La semana pasada tuve el privilegio de pasar unos días con la comunidad de monjes de santo Domingo de Silos. Cerca de treinta varones, vestidos de negro, cantando melodías de hace mil años que siguen llegando al corazón.
Mayores y jóvenes ponen ritmo a las letras de los Salmos, con su voz y con sus cuerpos, en un movimiento que sube y baja hablándonos de alabanza y humildad, de encarnación y cariño, de arrepentimiento y fortaleza.
Existe en el monasterio alguna joya del pasado, como el báculo de santo Domingo, pero el patrimonio más visible es su claustro románico, probablemente, el más famoso de España. Los capiteles son primorosos, como lo son también las ocho escenas de las esquinas que reproducen pasajes bíblicos cargados de serena majestuosidad.
¿Cómo ha sido posible la conservación de este patrimonio? Porque sigue vivo, porque se sigue utilizando, porque una comunidad vive allí y lo cuida como algo suyo.
En España tenemos muchos ejemplos de patrimonio destruido porque sus habitantes –monjes en su mayoría– fueron expulsados y se vendieron tierras y conventos no se sabe muy bien con qué finalidad.
Las casas, como los pueblos, si están habitados, si tienen vida, sobreviven a las inclemencias del tiempo y de los tiempos. Cuando se vacían, cuando pierden su sentido, cuando nadie los frecuenta, quedan abandonados a la espera de algún arqueólogo del futuro que se esfuerce en encontrar huellas de su propio pasado.

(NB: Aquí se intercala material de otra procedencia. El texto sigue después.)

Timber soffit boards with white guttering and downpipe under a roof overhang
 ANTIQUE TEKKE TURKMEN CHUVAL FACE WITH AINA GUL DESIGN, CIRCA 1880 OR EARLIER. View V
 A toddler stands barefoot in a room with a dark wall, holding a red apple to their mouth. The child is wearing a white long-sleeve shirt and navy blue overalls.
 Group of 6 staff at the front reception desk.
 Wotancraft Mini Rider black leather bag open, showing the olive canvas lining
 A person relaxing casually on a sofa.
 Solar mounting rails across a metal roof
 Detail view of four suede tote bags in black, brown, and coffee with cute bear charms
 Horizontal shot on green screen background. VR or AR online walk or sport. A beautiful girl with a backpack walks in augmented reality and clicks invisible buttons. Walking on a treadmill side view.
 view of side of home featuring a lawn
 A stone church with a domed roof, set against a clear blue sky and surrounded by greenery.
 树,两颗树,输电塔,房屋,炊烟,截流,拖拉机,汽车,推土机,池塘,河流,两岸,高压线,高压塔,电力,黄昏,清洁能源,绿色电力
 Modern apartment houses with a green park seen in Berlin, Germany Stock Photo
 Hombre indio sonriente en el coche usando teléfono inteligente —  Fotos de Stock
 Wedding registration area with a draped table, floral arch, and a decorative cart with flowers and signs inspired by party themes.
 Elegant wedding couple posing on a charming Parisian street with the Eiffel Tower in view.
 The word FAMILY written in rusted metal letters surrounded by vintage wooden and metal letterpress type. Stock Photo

Aún más difícil de conservar que el claustro de Silos es el canto gregoriano, otro patrimonio fundamental de la edad media europea. A la gente le gusta acercarse por Silos y escuchar a los monjes; hubo épocas, incluso, en que se puso de moda el canto gregoriano y se multiplicaron las ventas de sus grabaciones.
Pero el canto gregoriano es un patrimonio frágil; porque es, ante todo, espiritual, humano. La música, más aún que la arquitectura, si no está habitada, si no habita en el corazón y la garganta de aquellos que le dan pasión, desaparece.
¿Cómo habría que invertir para conservar este patrimonio? Es difícil, porque el dinero –aquí más que en ningún sitio– no es suficiente. ¿Qué hay que hacer para que haya monjes, para que el gregoriano viva?
Por mucho que le guste, nadie se entrega al canto gregoriano, no dedica su vida a ello. El patrimonio del canto gregoriano es fruto de una siembra mucho más profunda: la entrega de la vida por Jesucristo, el servicio a una Iglesia que quiere preparar a este mundo para la llegada de su Mesías.
La vocación depende, ante todo, de Dios; después, de la libertad soberana de cada persona, con sus dificultades y miedos. Pero la base humana de la vocación, la base humana del canto gregoriano, sí puede ser fomentada en nuestra sociedad.
Es posible capacitarnos para el silencio, para contemplar una belleza profunda, que va más allá del instante y de los efectos especiales de la última serie de televisión. Podemos sembrar una afectividad más madura, que dependa menos del instante y se atreva a la fidelidad, que aprenda un tipo de amor más oblativo y menos egoísta; un amor que implique todas las dimensiones de la persona y se atreva a buscar el bien del otro.
Es posible ver la fe como un regalo para la sociedad, con los defectos y las sombras de los creyentes. La fe ha creado arte y ha servido a los pobres desde siempre; ha fomentado la educación y ha acompañado sufrimientos. El misterio del canto gregoriano es la fe cristiana, la relación con Jesús de Nazaret, que llamó discípulos para que lo dejaran todo por él.
Lo demás vendría después: el arte, las construcciones, la belleza, el canto. La relación personal con alguien a quien no vemos, la confianza en que ese alguien escucha nuestras voces y acoge nuestros esfuerzos es la clave del futuro del canto gregoriano.